=== Source material ===

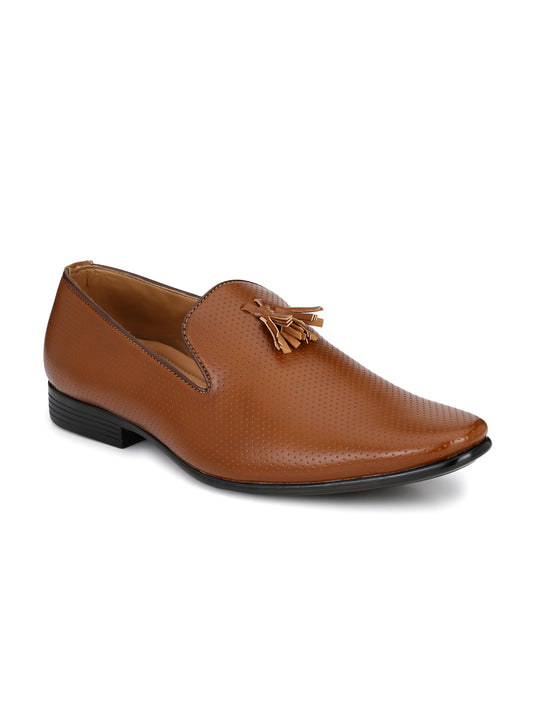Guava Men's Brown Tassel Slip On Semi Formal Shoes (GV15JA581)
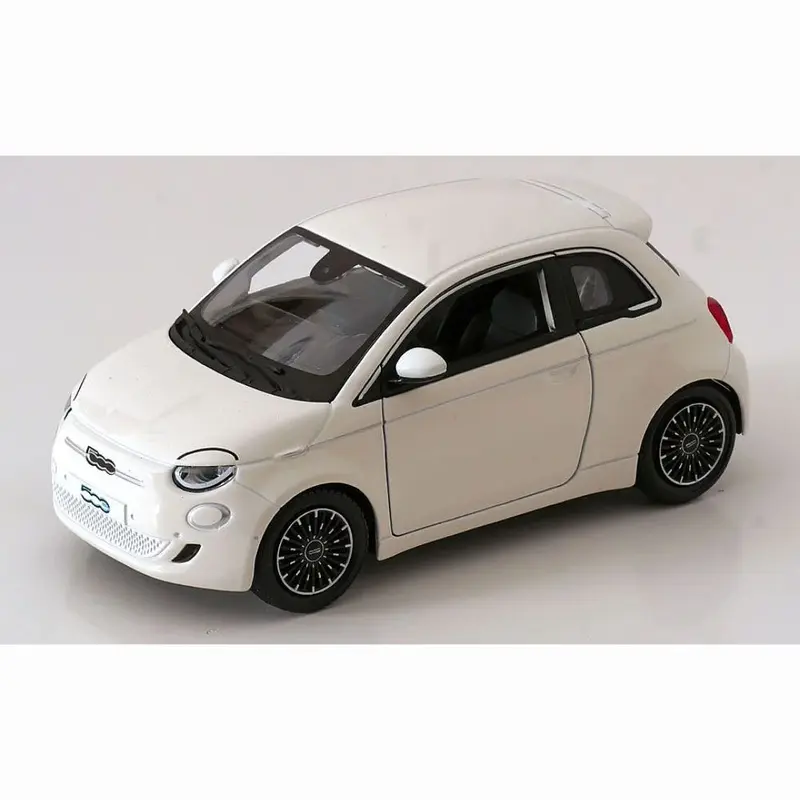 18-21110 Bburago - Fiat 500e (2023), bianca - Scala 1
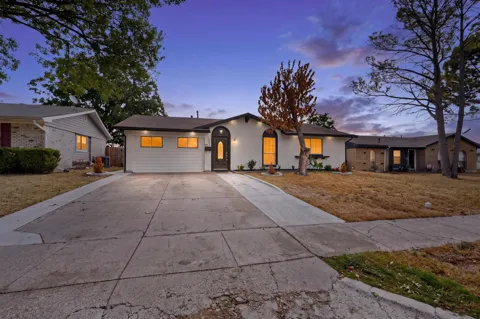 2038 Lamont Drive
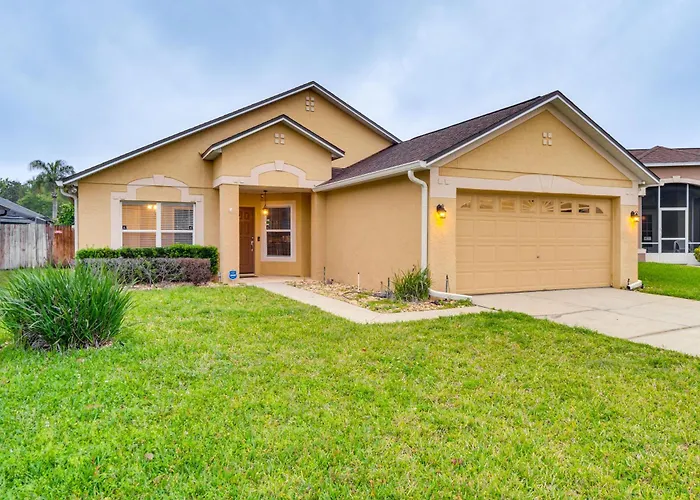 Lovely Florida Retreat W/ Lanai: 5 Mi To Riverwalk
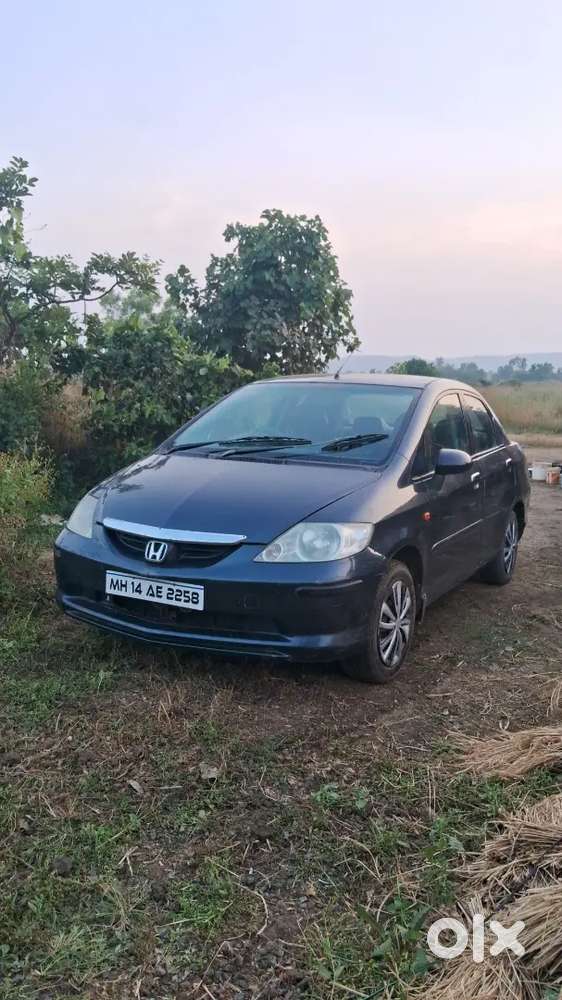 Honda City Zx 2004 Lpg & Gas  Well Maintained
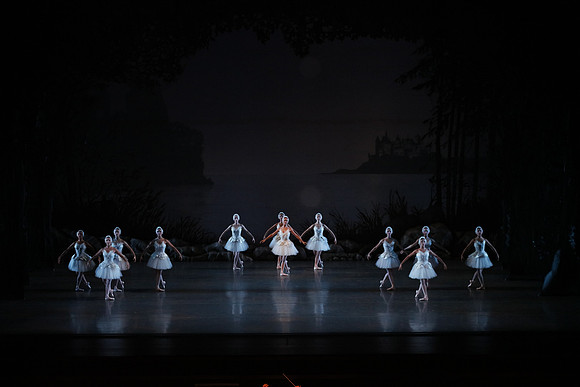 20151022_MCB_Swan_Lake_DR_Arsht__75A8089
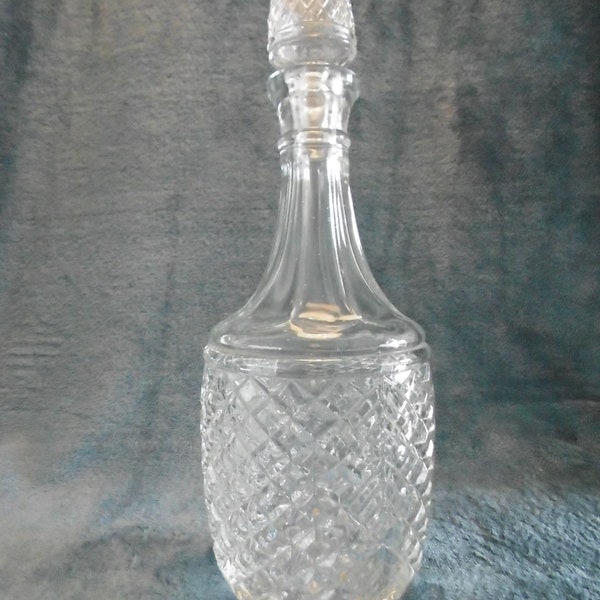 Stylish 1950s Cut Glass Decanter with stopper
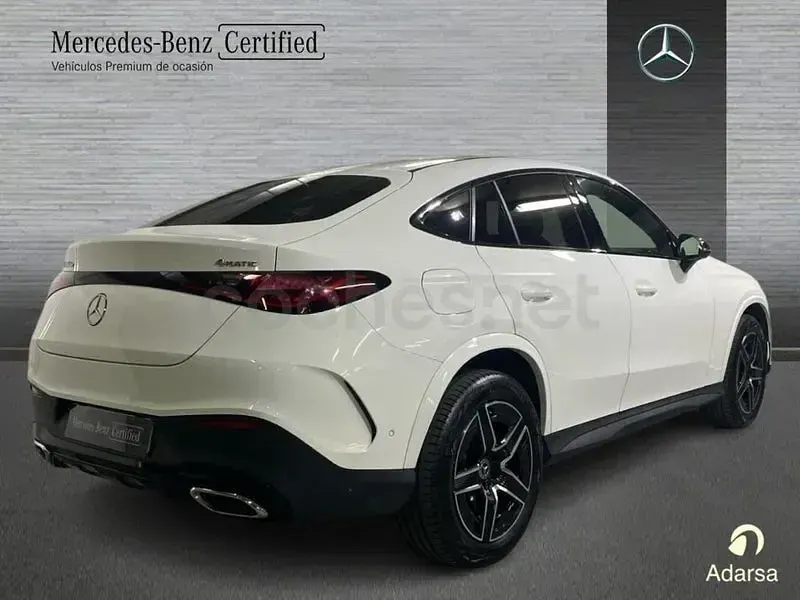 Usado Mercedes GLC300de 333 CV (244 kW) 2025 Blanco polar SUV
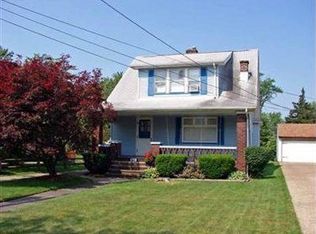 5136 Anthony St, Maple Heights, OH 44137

===

§ **Exercise**
Return exactly the lines from the line with "2038 Lamont Drive" through the last line of the data above, both included; pictures do not go in the answer.

§ **Solution to this problem**
 2038 Lamont Drive
 Lovely Florida Retreat W/ Lanai: 5 Mi To Riverwalk
 Honda City Zx 2004 Lpg & Gas  Well Maintained
 20151022_MCB_Swan_Lake_DR_Arsht__75A8089
 Stylish 1950s Cut Glass Decanter with stopper
 Usado Mercedes GLC300de 333 CV (244 kW) 2025 Blanco polar SUV
 5136 Anthony St, Maple Heights, OH 44137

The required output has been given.